• Work instruction: Using the data below, copy each line that includes the word "standing".

• Entries provided:
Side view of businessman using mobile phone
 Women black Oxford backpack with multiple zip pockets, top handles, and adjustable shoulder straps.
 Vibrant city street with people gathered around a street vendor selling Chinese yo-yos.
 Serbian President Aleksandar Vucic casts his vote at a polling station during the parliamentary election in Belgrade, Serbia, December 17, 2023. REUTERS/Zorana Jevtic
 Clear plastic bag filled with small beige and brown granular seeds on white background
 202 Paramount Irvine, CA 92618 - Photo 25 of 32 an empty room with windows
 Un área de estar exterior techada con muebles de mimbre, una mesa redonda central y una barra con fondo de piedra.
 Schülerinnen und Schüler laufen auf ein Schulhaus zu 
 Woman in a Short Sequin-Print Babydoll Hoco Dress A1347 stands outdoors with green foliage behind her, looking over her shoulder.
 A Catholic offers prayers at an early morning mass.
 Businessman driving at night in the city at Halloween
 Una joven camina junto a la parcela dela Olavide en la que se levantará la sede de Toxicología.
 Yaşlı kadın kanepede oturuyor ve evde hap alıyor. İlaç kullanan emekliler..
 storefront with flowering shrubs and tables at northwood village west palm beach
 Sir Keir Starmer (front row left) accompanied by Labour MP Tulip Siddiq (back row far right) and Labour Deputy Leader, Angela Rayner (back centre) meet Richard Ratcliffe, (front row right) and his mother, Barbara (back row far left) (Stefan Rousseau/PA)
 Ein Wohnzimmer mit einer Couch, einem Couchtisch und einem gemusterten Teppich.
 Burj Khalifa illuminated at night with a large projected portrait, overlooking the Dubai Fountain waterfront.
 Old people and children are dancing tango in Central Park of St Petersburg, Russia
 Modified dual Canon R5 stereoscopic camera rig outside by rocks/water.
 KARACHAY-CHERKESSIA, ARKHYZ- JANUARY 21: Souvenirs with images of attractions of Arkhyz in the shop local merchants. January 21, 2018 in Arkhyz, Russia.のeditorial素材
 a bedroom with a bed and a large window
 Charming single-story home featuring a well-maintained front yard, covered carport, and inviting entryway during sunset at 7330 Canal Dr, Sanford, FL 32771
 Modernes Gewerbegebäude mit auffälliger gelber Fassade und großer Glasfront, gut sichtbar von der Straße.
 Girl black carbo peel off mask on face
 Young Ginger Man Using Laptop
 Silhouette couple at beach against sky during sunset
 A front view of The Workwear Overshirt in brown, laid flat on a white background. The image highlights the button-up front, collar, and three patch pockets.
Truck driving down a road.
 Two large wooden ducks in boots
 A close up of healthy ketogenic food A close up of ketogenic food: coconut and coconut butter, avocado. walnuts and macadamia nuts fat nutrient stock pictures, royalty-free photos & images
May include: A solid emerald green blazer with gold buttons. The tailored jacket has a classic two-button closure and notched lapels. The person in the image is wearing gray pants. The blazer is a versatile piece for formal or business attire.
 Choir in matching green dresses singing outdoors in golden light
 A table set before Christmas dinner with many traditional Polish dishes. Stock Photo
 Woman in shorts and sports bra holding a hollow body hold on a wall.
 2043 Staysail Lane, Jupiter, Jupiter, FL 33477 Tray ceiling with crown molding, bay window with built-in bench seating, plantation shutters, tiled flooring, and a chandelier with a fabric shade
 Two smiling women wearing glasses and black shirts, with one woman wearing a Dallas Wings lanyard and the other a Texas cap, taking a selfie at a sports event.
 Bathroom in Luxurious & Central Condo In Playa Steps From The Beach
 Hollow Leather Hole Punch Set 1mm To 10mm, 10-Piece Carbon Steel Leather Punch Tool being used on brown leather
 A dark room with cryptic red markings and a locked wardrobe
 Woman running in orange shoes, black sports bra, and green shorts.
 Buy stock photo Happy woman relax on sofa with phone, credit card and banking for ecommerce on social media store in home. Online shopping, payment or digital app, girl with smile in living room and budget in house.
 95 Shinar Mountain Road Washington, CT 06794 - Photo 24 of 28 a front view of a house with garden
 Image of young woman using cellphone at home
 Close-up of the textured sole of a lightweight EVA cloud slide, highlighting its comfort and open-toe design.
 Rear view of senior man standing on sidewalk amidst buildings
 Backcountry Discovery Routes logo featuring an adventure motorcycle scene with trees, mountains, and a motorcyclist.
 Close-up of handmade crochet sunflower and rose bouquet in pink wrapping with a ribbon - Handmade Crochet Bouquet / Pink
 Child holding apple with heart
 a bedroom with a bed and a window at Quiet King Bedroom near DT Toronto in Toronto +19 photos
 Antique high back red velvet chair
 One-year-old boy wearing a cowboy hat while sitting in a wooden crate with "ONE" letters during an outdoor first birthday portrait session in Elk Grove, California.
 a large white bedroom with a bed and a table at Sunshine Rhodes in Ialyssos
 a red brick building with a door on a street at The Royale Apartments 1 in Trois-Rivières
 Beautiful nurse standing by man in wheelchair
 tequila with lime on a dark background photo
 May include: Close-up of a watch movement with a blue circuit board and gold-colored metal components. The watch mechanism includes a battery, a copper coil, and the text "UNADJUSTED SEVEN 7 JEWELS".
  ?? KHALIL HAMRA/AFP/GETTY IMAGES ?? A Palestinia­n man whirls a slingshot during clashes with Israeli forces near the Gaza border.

• Response:
 Rear view of senior man standing on sidewalk amidst buildings
 Beautiful nurse standing by man in wheelchair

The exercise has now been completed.